The overall effect of all this is to wear down the traveler who awaits his or her bus or train. I suspect at some point many people break down and hand out money out of sheer exhaustion. Perhaps they hope they might buy some peace and quiet this way. That would be a mistake; from my observations people who hand out cash are generally identified as open ATM machines, and so they get hit again.

But worse than all of these circus-like distractions is the omnipresent worst-case scenario: that somebody will simply pick your pocket. It is emotionally exhausting--even physically exhausting as your heart pounds in double-time--keeping track of each and every person around you and their proximity to your pocketbook. The Cluj autogara has no visible police presence, so it is up to you to be your own officer. As if you don't already have enough on your mind while you travel.

After everything I described above had occurred, a gypsy guy in a track outfit and carrying a sports bag walked up to me and immediately addressed me in English.

"Hey, there!
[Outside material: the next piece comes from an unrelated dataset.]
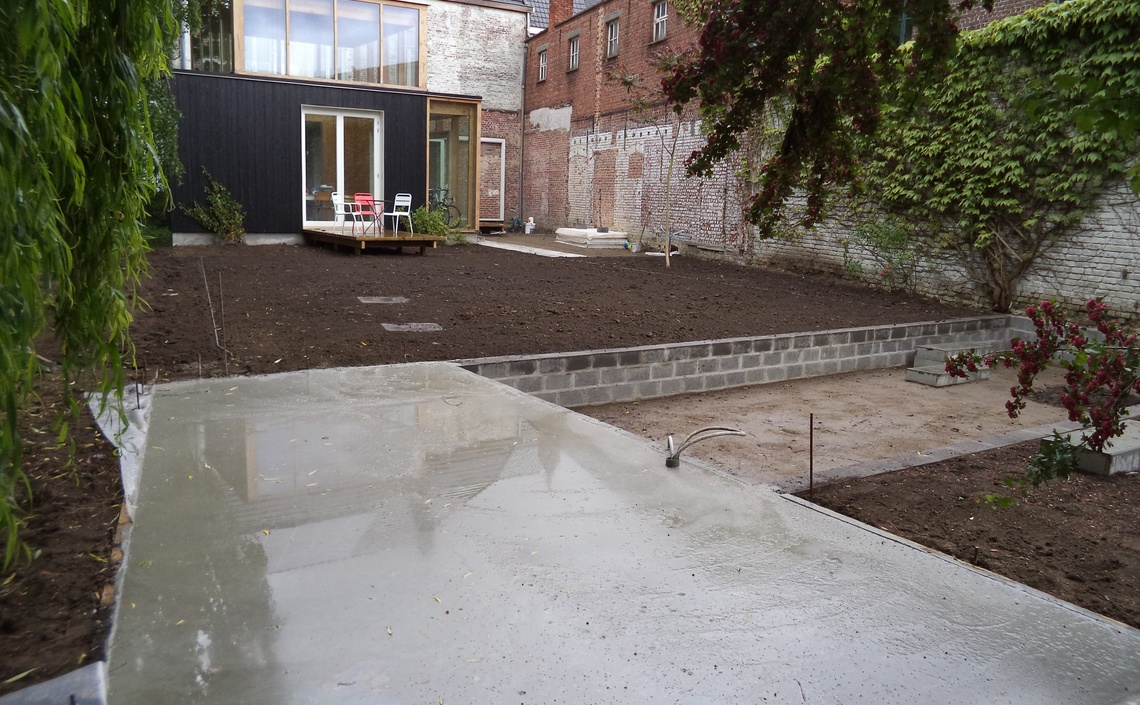 Omgevingsaanleg: privé-woning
Where are you going?" he asked me.

The fact is, nobody who walks right up to you in a bus or train station speaking English is going to be your friend in any country. I am reminded of the exquisitely menacing scene in the Hurt Locker where an Iraqi guy with dubious intentions strolls up to an American soldier and says, "Hey, you American? You surf?" (Or maybe it was, "You play basketball?" I don't have the movie at my fingertips to reference right now, but the point is the same.)

"Where are you going?" I asked him. I wanted to be sure his design was not to follow me to my destination.

"Why do you ask me that?" he said, illogically, since he felt it was perfectly OK to ask me that.

I stared at him blankly.

"Are you afraid here?" he asked me.

I did not tell him I was, because that would be a stupid thing to admit. So I grunted a "Nu" and wheeled my luggage away from him.

He looked very unhappy after that, in the same way that two gypsies who physically grappled with a friend of mine in Constanta many years ago in order, they said, to--I am not making this up--test the durability of American fabrics fired dark parting glances at me after I yelled at them to get the hell away.

It turned out the track suit guy was a paying bus rider. For all I know he was a completely sincere, nice person. For a while I even felt a little bit guilty. But then the following things occurred to me:

1) Bus and train stations everywhere are often populated with criminals and pickpockets.

2) If I lose my credit cards I am fucked. And losing my computer would be like losing everything in my apartment and my cell phone at once; no more easy Skype conversations with my girlfriend in the U.S. In short, if you are a traveler in a foreign country, you have much more to lose than a native does.

3) People who walk up to you speaking English right away and fishing for information about you are, 99% of the time, up to no good. The other 1% are stupid idiots.

4) Gypsies in train stations who begin speaking English to you have racially profiled you just as much as--you might fear in your too-sensitive heart--you have racially profiled them, only their objective is to extract money from you, either by guilting you, exhausting you, or even physically stealing it from you, whereas your objective is merely to be left alone.

But before you become a completely withdrawn asshole (which would defeat the purpose of travel), remember what I said in opening: most people out there want to be your friend, and friends are the best things life can offer you. Go out and make some. But if your spidey-sense tells you "Danger," there's probably a good, deep-seated evolutionary reason for that to be the case. You owe it to your ancestors who survived to procreate before you to listen to that gift.

*This is a very long story that would require a multi-page digression. The short version is, Bank of America shot down about ten different methods of solving my problem, each time for security reasons they said were in place to protect me. And VISA-911 was useless; for example, they refused to send me emergency cash because I had changed my address in the previous three months.